── Dataset
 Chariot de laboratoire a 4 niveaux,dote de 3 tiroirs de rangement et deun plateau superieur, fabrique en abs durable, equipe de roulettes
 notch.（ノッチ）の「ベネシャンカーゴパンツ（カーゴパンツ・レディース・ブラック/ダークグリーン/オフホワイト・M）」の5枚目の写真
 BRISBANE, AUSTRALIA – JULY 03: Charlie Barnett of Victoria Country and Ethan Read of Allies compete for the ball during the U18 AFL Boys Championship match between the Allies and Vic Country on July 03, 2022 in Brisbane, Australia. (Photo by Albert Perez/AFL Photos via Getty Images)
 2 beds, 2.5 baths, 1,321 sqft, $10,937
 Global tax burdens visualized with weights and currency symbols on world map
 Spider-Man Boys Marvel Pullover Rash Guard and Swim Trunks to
────
── Dataset
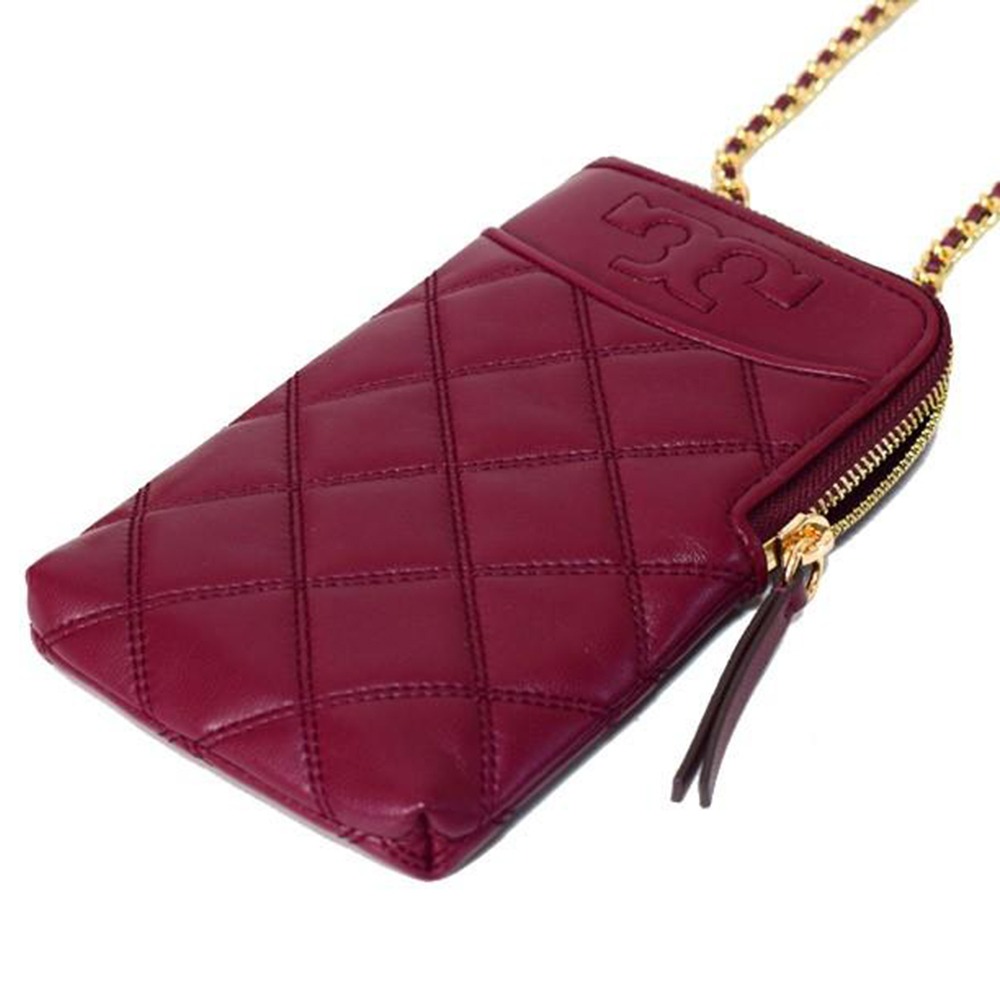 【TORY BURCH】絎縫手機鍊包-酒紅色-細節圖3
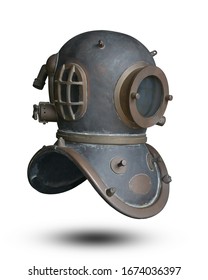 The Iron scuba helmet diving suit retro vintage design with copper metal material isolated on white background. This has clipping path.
────
── Dataset
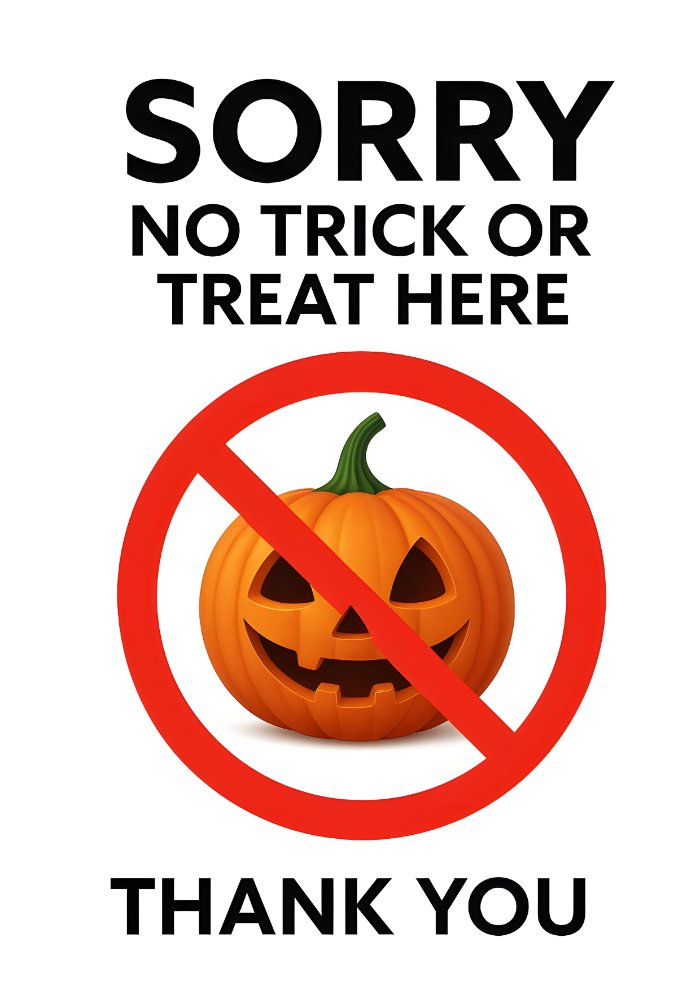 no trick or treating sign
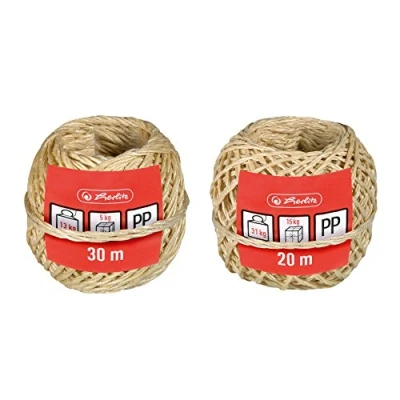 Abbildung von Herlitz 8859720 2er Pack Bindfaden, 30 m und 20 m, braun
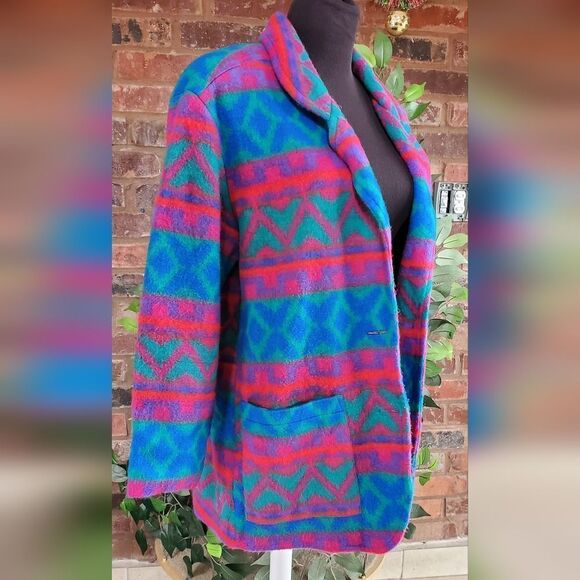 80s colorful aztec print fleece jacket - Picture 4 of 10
────
### Aim of the exercise
Search the material for the word "Boys". Each line where it is found must be copied.

### Exercise result
 BRISBANE, AUSTRALIA – JULY 03: Charlie Barnett of Victoria Country and Ethan Read of Allies compete for the ball during the U18 AFL Boys Championship match between the Allies and Vic Country on July 03, 2022 in Brisbane, Australia. (Photo by Albert Perez/AFL Photos via Getty Images)
 Spider-Man Boys Marvel Pullover Rash Guard and Swim Trunks to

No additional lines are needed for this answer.